Exchanges are in a difficult position once the 'head' of ethereum tells them to stop. It's a sign that the blockchain might be forked, so any further trades they make might be undone - they simply have little choice but to stop after being told to do so.
> but they didn't halt trading until they were asked to, so clearly it wasn't totally in their interests?
Not at all. This is a classic "coordination problem". It is advantageous for many participants in the overall system to take an action, but only if the other participants are ALSO taking the action. In such a case, a widely followed and popular leader is one possible coordinating mechanism. And it does not give that popular leader the ability to do ANYTHING, only things that actually ARE popular but require coordination.

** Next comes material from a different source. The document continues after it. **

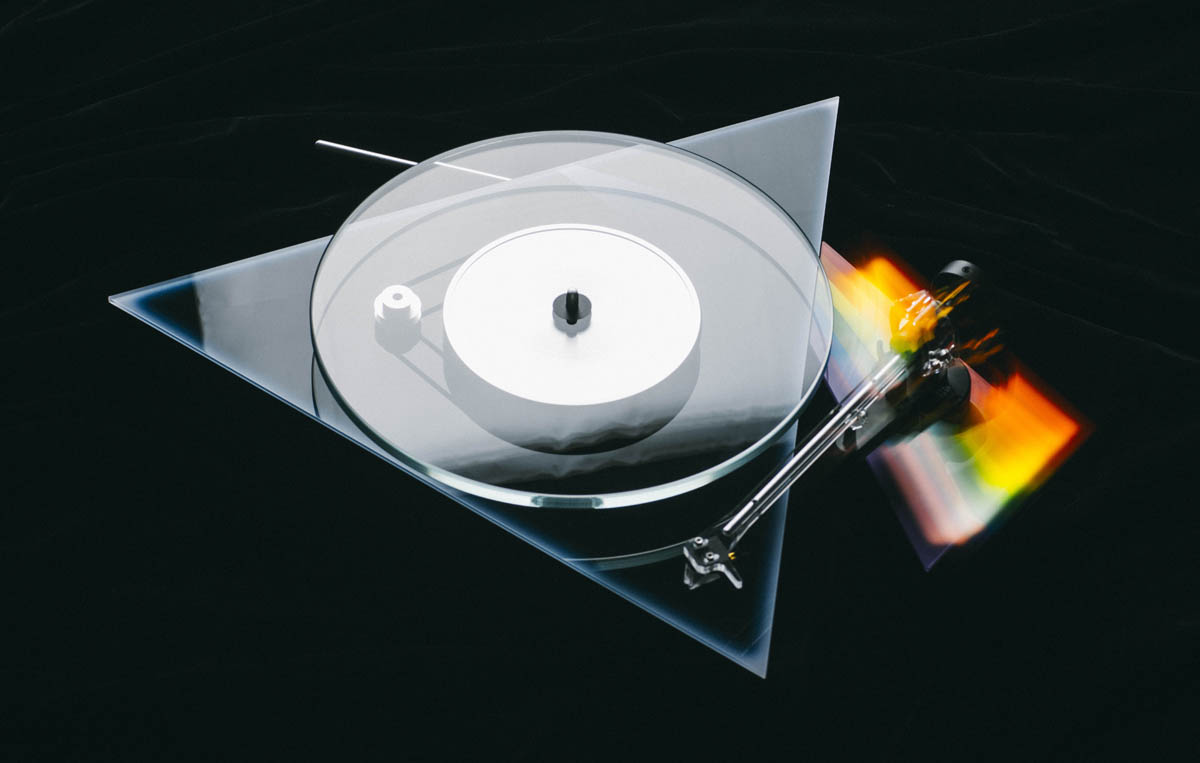 dark_side_of_the_moon_turntable_4_03.jpg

Nobody has to follow the leader. Want to keep your exchange trading? Go ahead - nobody can stop you. It just so happens that everybody agrees this time.
I don't agree. Centralised control would mean one person can change anything. Decentralised doesn't mean that nobody can propose a solution - only that others have to agree on it before it goes live.
How do you imagine decentralised decisions happening otherwise? Everyone choosing their own solution without ever talking to each other and seeing what is most popular?
I'm not sure whether we are redefining it... I suppose it depends on what definition you were starting with!
My idea of "decentralized" includes things like "continues to function perfectly well if any one person or small group is removed from the process" and "continues to function perfectly well if any one person or small group becomes malicious".
In this case, if Vitalik Buterin were not around to announce the problem, someone else could announce it and that would provide a coordinating signal for all of the independent players to act on. If Vitalik Buterin were malicious and decided to announce a rollback of a big spend he had done, then the independent miners and mining pool operators would (I hope) choose to ignore the announcement and refuse to participate.
I guess to me, having a centralized group or individual make decisions seems to violate "decentralized", but having one of several possible groups or individuals make announcements which signal the population to take action does not.
A surprising number of people seem to believe in the near-perfect efficiency of markets, that every participant is making optimal decisions based on their own goals.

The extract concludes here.